Short descriptive text snippets

---------------

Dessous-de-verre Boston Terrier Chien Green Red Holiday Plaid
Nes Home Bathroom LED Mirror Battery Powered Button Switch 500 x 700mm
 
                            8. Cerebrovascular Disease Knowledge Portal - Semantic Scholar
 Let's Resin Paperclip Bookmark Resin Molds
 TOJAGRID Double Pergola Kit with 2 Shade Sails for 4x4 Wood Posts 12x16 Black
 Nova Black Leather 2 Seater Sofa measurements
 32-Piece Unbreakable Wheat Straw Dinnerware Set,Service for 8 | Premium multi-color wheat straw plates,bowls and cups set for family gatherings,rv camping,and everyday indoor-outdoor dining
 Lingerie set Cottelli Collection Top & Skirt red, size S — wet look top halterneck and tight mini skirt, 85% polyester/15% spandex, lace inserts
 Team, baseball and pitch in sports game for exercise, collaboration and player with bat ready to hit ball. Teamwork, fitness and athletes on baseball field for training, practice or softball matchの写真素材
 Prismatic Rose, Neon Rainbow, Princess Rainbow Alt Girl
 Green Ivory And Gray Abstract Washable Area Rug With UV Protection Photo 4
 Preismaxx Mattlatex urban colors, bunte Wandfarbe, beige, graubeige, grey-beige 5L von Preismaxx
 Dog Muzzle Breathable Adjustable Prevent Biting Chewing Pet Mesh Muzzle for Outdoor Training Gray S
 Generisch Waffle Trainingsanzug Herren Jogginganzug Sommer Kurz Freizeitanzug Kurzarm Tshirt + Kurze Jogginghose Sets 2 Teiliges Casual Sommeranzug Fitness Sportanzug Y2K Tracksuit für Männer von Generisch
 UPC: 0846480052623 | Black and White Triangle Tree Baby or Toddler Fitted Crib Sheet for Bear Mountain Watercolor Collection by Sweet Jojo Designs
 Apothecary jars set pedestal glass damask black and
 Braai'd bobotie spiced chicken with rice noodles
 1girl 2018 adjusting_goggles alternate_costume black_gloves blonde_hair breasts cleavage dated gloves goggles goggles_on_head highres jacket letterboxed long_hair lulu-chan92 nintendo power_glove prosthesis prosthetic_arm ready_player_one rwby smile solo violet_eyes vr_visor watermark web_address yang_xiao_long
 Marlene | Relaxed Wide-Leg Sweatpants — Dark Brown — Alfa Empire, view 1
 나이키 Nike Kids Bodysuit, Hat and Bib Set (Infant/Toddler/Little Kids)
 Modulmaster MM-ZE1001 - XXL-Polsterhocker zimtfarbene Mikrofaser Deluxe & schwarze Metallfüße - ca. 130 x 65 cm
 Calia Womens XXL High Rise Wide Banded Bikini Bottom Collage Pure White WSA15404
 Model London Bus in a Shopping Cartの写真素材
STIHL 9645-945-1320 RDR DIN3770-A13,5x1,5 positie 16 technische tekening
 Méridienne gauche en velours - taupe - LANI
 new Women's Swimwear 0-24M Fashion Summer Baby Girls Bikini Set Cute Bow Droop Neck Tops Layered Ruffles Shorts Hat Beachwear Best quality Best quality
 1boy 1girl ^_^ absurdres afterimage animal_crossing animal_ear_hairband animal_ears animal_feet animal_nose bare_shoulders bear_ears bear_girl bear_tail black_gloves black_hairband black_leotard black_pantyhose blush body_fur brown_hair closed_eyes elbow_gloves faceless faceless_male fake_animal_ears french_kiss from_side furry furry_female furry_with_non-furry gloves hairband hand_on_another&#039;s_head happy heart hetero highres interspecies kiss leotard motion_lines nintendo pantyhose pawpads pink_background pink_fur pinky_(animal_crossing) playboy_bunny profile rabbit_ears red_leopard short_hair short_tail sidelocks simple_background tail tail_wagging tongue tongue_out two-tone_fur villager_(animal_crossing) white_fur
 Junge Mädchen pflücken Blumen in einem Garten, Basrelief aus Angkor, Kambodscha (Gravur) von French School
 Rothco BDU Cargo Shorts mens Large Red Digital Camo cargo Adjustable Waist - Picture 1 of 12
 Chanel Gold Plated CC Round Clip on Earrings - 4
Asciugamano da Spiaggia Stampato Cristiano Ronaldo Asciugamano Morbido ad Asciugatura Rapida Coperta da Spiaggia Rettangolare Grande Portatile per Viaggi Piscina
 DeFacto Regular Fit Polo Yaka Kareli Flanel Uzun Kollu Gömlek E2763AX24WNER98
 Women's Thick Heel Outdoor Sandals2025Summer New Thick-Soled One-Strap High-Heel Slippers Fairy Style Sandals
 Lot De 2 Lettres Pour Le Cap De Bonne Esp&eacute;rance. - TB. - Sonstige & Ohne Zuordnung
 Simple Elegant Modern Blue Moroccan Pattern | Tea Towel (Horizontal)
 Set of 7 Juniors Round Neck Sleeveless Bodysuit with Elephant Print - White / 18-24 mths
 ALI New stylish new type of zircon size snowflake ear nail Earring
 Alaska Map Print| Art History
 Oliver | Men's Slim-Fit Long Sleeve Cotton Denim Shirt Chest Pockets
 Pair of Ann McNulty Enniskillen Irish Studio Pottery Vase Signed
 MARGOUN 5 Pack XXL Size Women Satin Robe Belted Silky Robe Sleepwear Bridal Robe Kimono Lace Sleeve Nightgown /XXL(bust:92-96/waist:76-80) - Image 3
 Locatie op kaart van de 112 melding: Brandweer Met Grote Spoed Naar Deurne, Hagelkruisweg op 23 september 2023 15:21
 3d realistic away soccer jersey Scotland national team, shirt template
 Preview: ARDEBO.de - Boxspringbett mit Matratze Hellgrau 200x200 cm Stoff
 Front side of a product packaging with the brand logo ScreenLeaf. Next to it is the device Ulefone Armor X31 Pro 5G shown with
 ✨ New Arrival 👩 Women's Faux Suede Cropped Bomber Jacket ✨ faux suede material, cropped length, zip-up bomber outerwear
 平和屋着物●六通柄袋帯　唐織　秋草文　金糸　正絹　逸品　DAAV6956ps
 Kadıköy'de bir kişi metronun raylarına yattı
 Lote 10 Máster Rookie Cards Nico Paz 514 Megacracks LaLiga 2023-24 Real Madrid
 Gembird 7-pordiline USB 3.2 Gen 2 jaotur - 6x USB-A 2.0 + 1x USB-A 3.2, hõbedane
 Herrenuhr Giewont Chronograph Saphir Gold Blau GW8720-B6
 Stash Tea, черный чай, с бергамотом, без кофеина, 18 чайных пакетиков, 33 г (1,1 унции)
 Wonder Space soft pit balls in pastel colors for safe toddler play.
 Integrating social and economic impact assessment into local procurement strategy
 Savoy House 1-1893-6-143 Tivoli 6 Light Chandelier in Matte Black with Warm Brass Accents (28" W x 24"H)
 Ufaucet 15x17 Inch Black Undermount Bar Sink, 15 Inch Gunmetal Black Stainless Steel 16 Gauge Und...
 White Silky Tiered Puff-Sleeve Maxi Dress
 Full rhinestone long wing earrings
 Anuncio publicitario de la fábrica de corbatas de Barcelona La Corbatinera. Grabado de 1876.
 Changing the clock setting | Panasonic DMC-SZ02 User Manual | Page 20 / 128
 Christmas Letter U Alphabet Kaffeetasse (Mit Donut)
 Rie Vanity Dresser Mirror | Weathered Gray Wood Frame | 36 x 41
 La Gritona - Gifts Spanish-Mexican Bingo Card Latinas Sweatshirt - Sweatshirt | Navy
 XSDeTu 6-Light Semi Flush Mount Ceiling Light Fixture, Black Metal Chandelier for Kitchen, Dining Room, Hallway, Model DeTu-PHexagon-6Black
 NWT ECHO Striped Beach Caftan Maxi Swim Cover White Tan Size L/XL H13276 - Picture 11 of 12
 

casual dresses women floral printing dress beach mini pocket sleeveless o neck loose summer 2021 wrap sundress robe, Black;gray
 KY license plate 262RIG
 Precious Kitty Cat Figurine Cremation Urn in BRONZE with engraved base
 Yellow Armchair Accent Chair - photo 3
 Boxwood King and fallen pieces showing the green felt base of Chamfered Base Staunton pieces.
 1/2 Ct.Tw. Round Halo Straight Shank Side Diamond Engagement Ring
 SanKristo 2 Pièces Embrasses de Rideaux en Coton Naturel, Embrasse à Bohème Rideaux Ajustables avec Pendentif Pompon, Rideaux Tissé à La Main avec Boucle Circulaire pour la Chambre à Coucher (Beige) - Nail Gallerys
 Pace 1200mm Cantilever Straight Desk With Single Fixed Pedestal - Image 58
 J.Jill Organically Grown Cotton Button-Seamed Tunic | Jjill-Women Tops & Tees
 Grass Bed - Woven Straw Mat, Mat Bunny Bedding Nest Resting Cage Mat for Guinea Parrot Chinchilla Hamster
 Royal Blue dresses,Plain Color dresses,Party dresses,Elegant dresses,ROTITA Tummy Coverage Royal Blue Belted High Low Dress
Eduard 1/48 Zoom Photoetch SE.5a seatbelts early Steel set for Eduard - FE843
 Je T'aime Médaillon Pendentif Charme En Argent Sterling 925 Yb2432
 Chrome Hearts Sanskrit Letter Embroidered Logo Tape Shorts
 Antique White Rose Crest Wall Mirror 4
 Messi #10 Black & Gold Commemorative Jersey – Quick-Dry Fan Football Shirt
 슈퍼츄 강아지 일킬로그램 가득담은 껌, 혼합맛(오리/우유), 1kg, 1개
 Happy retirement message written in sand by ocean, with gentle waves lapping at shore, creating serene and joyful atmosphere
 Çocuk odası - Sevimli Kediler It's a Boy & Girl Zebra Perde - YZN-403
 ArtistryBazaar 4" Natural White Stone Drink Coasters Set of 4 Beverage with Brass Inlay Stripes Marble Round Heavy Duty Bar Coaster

---------------

GOAL OF THE EXERCISE
All that belongs in the answer is the run of lines above from the line containing "Apothecary jars set" through the line containing "Marlene | Relaxed", exactly as written.

FINISHED EXERCISE
 Apothecary jars set pedestal glass damask black and
 Braai'd bobotie spiced chicken with rice noodles
 1girl 2018 adjusting_goggles alternate_costume black_gloves blonde_hair breasts cleavage dated gloves goggles goggles_on_head highres jacket letterboxed long_hair lulu-chan92 nintendo power_glove prosthesis prosthetic_arm ready_player_one rwby smile solo violet_eyes vr_visor watermark web_address yang_xiao_long
 Marlene | Relaxed Wide-Leg Sweatpants — Dark Brown — Alfa Empire, view 1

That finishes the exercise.